Good points.
Actually the Eclipse integration seems to be working well so far, just with standard packaging , not the special packaging options offered by the new Maven Plugin.
It seems I have probably misused the Maven plugin by trying to assign "gwt-app" packaging to the runnable module.
The only way I've ever used GWT+Maven within Eclipse (more than a decade ago) was only through M2E, using Run As… → Maven Build… to run the gwt:codeserver goal
I am actually creating Eclipse run configurations of "GWT Development Mode (DevMode)" type, with built-in server port and "Super Development Mode" option which is quite similar to your approach but without separate steps for "codeserver" and application startup.
This is required to keep the running steps as uniform and simple as possible for the members of my teams, a single and easy to create Eclipse run configuration for each GWT app.
I don't think we can talk about a "convergence" then.
It is possible that nothing more is needed, but I would like to hear people's theories.
how are you trying to migrate the projects?
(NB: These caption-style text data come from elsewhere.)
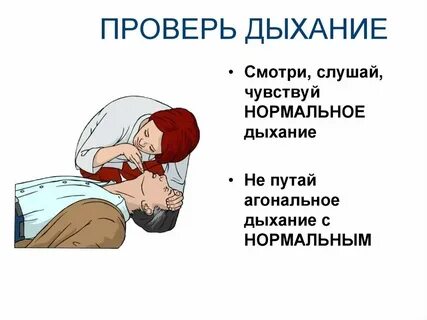 Определение наличия проблем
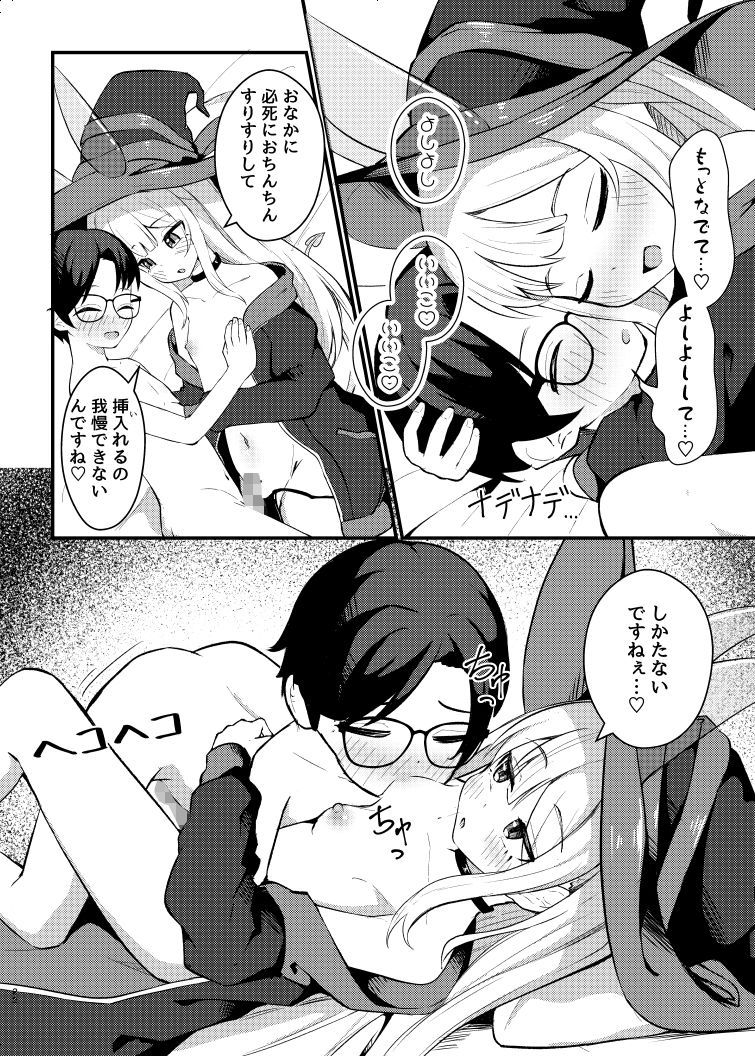 ロリっ娘サキュバス搾精日記〜無口で無表情なあの娘がサキュバスだった！？〜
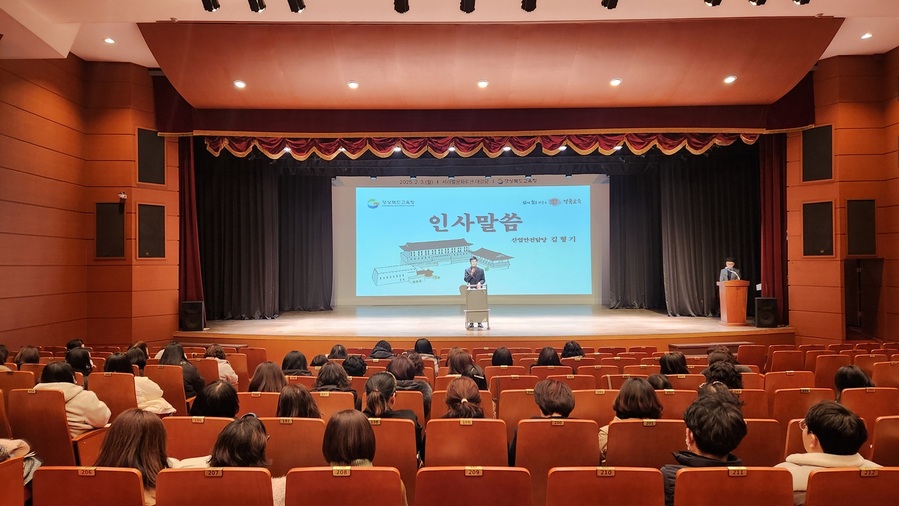 ▲ 경북교육청(교육감 임종식)은 3일부터 6일까지 경주와 구미, 안동 등 3개 권역에서 도내 공사립 학교에 근무하는 영양(교)사 300여 명을 대상으로 ‘겨울방학 중 영양(교사) 산업안전보건교육 연수’를 실시한다.ⓒ경북교육청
Refactor them to make them follow the expected structure...
It seems initially I only have to replace the old Maven Plugin with the new one, which is actually better than its predecessors because it is not tied to a specific version, making my transformation smoother.
In the second stage I intend to switch to GWT 2.12.x from 2.9.0 (or earlier)
In the third stage, after Jetty gets decoupled from GWT, I intend to start making efficient use of my "GWT-DevMode-server" project, as discussed in a separate topic.
Have you tried with a project generated from the various available archetypes? (either mine, or NaluKit's using Spring Boot) How does the developer experience in Eclipse look like?
I haven't done this for the solutions I am transforming in fear of increasing the transformation effort, but I will happily consider the option for new solutions.